— Raw data —
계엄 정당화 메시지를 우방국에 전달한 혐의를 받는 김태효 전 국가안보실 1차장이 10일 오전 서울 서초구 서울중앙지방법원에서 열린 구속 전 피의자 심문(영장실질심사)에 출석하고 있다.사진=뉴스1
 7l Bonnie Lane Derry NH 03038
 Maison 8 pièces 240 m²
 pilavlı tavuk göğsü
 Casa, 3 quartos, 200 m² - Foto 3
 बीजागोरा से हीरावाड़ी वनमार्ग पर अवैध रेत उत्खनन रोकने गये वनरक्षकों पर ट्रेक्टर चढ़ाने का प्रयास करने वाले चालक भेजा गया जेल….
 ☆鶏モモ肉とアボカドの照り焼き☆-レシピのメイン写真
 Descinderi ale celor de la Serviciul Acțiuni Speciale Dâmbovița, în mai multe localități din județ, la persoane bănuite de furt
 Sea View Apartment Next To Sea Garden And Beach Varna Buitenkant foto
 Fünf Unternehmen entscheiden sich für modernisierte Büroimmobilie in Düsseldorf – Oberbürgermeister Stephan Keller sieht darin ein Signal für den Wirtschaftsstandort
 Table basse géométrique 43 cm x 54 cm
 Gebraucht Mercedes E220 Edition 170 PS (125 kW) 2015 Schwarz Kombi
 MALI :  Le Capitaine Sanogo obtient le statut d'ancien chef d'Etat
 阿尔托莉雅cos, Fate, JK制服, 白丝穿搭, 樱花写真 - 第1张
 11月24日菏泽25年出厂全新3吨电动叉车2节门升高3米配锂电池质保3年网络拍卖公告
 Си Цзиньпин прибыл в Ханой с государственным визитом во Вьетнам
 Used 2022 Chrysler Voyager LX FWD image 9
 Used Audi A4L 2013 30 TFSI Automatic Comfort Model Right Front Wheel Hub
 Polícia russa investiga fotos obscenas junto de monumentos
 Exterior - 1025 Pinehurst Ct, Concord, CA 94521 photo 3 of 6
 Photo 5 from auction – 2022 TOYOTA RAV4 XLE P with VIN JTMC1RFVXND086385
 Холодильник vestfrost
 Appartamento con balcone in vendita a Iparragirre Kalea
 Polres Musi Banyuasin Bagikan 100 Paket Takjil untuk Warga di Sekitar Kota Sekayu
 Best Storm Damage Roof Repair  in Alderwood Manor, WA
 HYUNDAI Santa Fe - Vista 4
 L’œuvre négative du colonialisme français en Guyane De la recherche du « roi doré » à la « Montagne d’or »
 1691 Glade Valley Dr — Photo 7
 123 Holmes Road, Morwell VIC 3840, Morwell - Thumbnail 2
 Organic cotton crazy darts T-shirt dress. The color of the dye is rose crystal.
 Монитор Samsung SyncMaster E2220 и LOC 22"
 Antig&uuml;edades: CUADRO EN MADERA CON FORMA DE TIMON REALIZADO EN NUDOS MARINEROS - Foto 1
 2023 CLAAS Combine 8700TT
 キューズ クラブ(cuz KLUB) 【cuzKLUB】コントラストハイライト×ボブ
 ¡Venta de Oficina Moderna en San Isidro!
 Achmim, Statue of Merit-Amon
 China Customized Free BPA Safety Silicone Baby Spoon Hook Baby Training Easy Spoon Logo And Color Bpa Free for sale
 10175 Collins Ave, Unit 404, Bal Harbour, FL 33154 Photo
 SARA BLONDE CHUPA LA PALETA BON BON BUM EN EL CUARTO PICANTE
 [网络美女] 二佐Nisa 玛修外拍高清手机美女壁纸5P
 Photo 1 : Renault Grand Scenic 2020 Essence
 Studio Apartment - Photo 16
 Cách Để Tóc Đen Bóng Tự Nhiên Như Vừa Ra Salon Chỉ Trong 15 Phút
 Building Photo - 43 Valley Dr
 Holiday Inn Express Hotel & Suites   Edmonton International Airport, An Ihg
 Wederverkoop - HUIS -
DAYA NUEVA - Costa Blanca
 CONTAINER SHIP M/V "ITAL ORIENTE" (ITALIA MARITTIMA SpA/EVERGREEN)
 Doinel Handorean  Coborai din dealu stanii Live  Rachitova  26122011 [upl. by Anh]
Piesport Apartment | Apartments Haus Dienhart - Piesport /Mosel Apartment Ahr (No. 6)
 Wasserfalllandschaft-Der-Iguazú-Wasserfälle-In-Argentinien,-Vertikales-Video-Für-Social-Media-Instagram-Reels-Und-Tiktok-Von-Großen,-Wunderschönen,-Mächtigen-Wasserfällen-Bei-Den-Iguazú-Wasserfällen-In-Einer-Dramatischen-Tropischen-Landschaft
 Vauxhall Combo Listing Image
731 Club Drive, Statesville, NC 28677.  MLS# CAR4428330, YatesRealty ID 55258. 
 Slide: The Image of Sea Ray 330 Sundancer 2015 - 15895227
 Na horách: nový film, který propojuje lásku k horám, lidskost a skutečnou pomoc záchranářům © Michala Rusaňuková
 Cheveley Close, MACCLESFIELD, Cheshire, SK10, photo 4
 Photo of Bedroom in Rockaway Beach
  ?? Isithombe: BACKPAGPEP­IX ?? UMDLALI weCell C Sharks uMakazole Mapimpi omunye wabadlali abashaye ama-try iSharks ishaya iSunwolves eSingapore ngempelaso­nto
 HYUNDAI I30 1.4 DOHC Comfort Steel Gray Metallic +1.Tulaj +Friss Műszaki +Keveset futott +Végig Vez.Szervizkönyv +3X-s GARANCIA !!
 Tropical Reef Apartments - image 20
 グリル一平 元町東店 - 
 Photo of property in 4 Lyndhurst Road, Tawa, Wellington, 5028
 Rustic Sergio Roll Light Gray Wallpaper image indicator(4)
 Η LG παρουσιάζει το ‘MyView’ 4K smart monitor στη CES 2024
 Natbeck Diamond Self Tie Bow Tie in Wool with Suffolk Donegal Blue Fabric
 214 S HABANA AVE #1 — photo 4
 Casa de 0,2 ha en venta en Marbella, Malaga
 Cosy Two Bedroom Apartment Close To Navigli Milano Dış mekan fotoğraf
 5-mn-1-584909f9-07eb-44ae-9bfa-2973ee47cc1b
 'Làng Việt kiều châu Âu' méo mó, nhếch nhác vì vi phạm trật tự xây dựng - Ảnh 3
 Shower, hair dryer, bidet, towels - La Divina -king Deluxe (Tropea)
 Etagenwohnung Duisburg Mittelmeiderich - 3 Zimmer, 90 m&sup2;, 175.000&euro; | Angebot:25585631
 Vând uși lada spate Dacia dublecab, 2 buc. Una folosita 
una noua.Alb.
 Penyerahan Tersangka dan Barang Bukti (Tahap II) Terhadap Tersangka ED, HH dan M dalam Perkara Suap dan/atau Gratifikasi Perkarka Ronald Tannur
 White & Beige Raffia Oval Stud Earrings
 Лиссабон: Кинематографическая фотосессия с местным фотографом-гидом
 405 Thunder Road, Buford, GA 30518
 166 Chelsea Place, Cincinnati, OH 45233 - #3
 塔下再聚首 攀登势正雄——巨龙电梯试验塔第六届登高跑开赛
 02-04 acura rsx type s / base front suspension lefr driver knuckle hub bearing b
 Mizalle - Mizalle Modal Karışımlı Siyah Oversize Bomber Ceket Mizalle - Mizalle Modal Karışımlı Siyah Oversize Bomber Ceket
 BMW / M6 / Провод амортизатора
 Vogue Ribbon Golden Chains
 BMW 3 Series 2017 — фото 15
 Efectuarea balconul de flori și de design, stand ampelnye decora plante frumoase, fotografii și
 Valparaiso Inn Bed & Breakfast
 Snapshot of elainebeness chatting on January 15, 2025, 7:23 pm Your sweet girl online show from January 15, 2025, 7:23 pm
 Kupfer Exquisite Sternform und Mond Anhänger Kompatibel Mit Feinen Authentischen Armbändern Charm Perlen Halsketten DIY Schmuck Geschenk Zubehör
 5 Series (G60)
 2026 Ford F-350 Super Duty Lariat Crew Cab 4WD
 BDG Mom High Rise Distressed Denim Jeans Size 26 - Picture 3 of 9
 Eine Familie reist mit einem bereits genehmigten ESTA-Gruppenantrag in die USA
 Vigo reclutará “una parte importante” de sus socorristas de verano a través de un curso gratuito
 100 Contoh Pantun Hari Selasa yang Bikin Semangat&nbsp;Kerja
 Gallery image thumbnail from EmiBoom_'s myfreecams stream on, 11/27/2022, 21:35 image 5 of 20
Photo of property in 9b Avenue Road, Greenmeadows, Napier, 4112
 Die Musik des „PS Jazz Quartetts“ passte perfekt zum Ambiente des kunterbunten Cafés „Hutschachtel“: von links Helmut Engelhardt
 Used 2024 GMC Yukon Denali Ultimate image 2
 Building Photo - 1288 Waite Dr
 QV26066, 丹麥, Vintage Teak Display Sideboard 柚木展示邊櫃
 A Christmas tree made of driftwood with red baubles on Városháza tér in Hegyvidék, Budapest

— Work order —
All that is needed is the line containing "Die Musik des" and each line after it to the end of the data above, set down exactly.

— Response to this task —
 Die Musik des „PS Jazz Quartetts“ passte perfekt zum Ambiente des kunterbunten Cafés „Hutschachtel“: von links Helmut Engelhardt
 Used 2024 GMC Yukon Denali Ultimate image 2
 Building Photo - 1288 Waite Dr
 QV26066, 丹麥, Vintage Teak Display Sideboard 柚木展示邊櫃
 A Christmas tree made of driftwood with red baubles on Városháza tér in Hegyvidék, Budapest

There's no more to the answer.